* Exercise aim: Transcribe the records exactly. Pictures do not belong in the transcription.
==== Data supplied ====
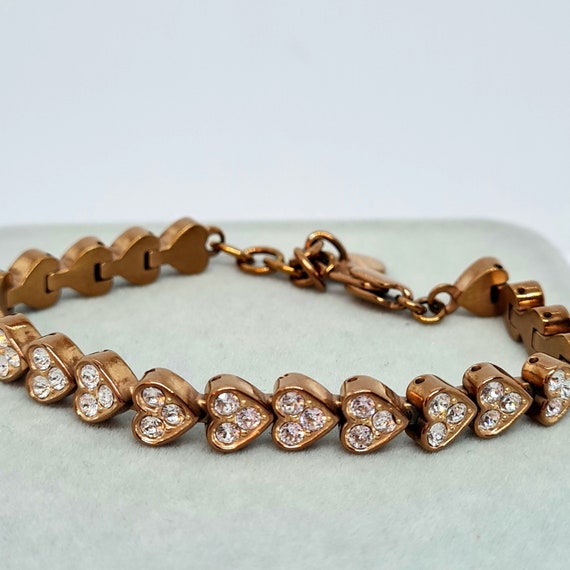 Vintage DYRBERG/KERN hearts tennis bracelet Rose … - image 1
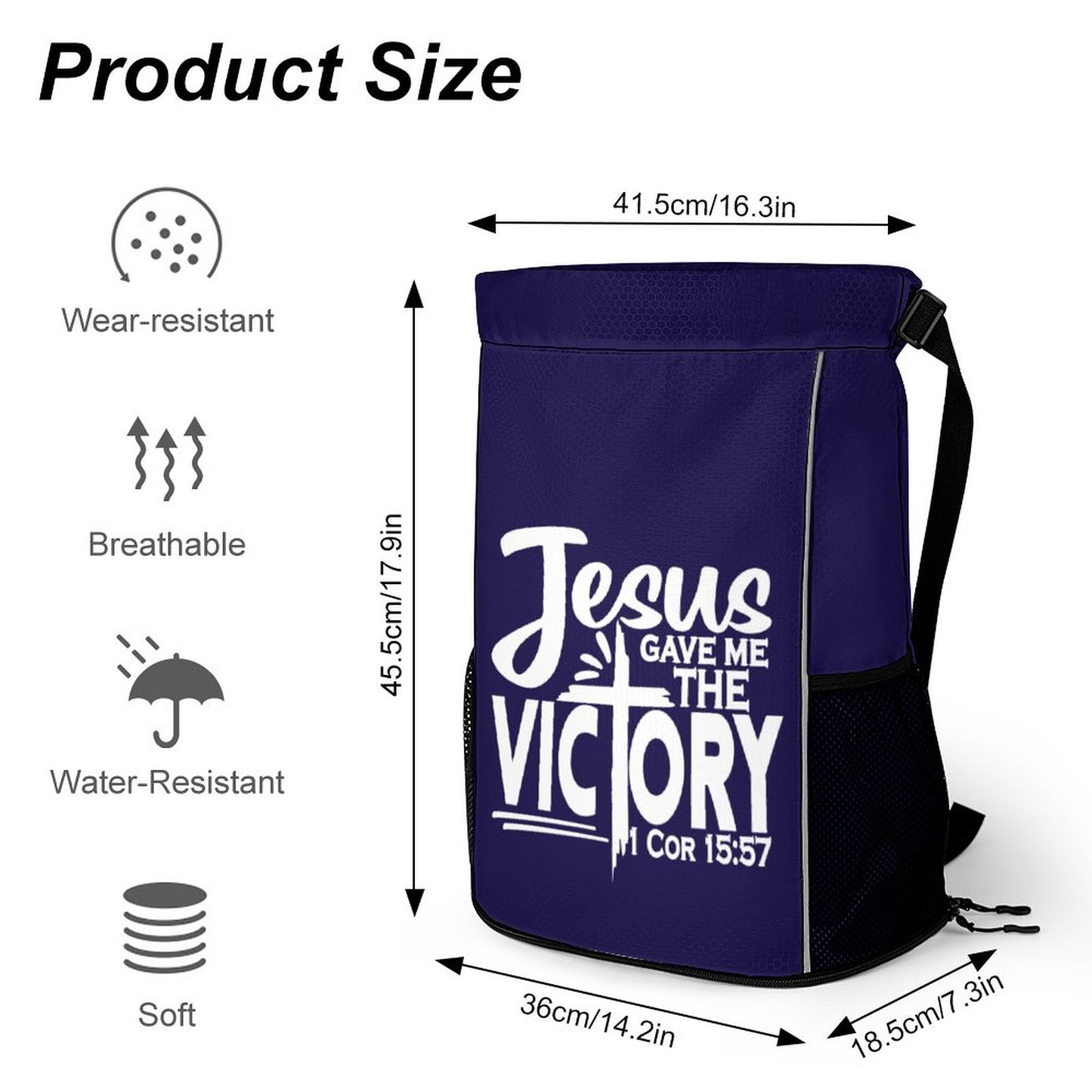 Jesus Gave Me The Victory Christian Waffle Cloth Drawstring Bag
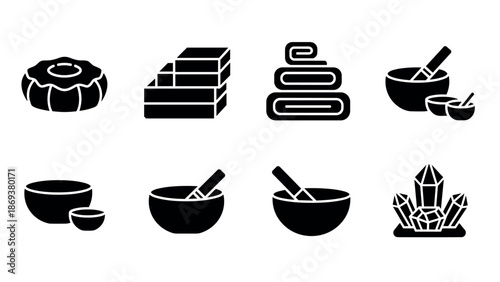 Silhouette icons of kitchenware and wellness items for modern design projects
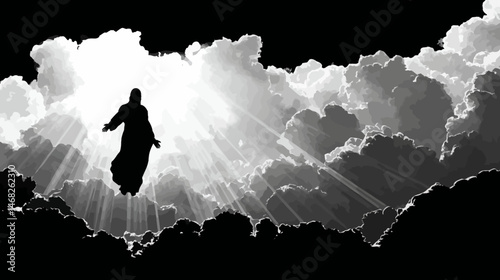 Jesus ascending to heaven silhouette, clouds and light beams, simple silhouette black vector,  -  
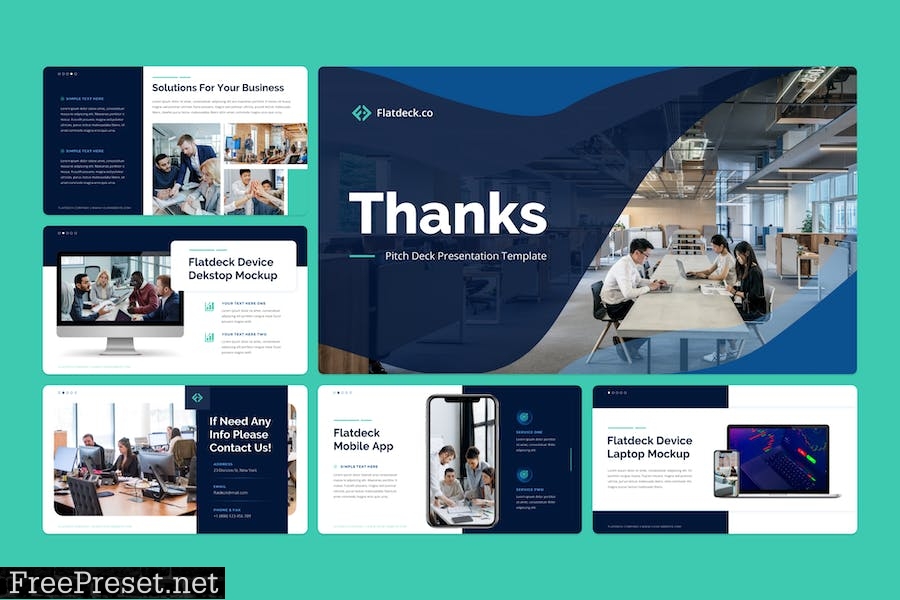 Flatdeck - Pitch Deck PowerPoint Template QRR5X63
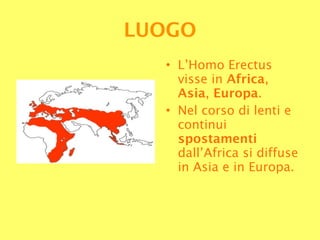 L’Homo Erectus visse in  Africa ,  Asia ,  Europa . Nel corso di lenti e continui  spostamenti  dall’Africa si diffuse in Asia e in Europa. LUOGO 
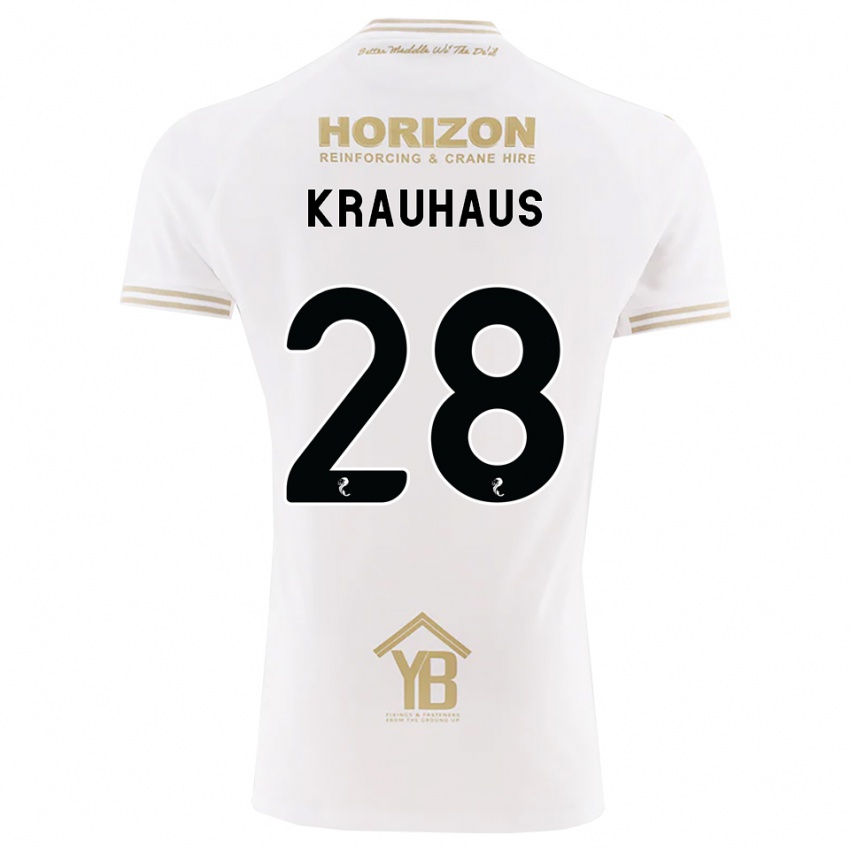 ילדים Ben Krauhaus #28 חיטה לבנה הרחק ג'רזי 2026/27 חולצה קצרה ילדים Ben Krauhaus #28 חיטה לבנה הרחק ג'רזי 2026/27 חולצה קצרה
====
* Answer space:
 Vintage DYRBERG/KERN hearts tennis bracelet Rose … - image 1
 Jesus Gave Me The Victory Christian Waffle Cloth Drawstring Bag
 Silhouette icons of kitchenware and wellness items for modern design projects
 Jesus ascending to heaven silhouette, clouds and light beams, simple silhouette black vector,  -  
 Flatdeck - Pitch Deck PowerPoint Template QRR5X63
 L’Homo Erectus visse in  Africa ,  Asia ,  Europa . Nel corso di lenti e continui  spostamenti  dall’Africa si diffuse in Asia e in Europa. LUOGO 
 ילדים Ben Krauhaus #28 חיטה לבנה הרחק ג'רזי 2026/27 חולצה קצרה ילדים Ben Krauhaus #28 חיטה לבנה הרחק ג'רזי 2026/27 חולצה קצרה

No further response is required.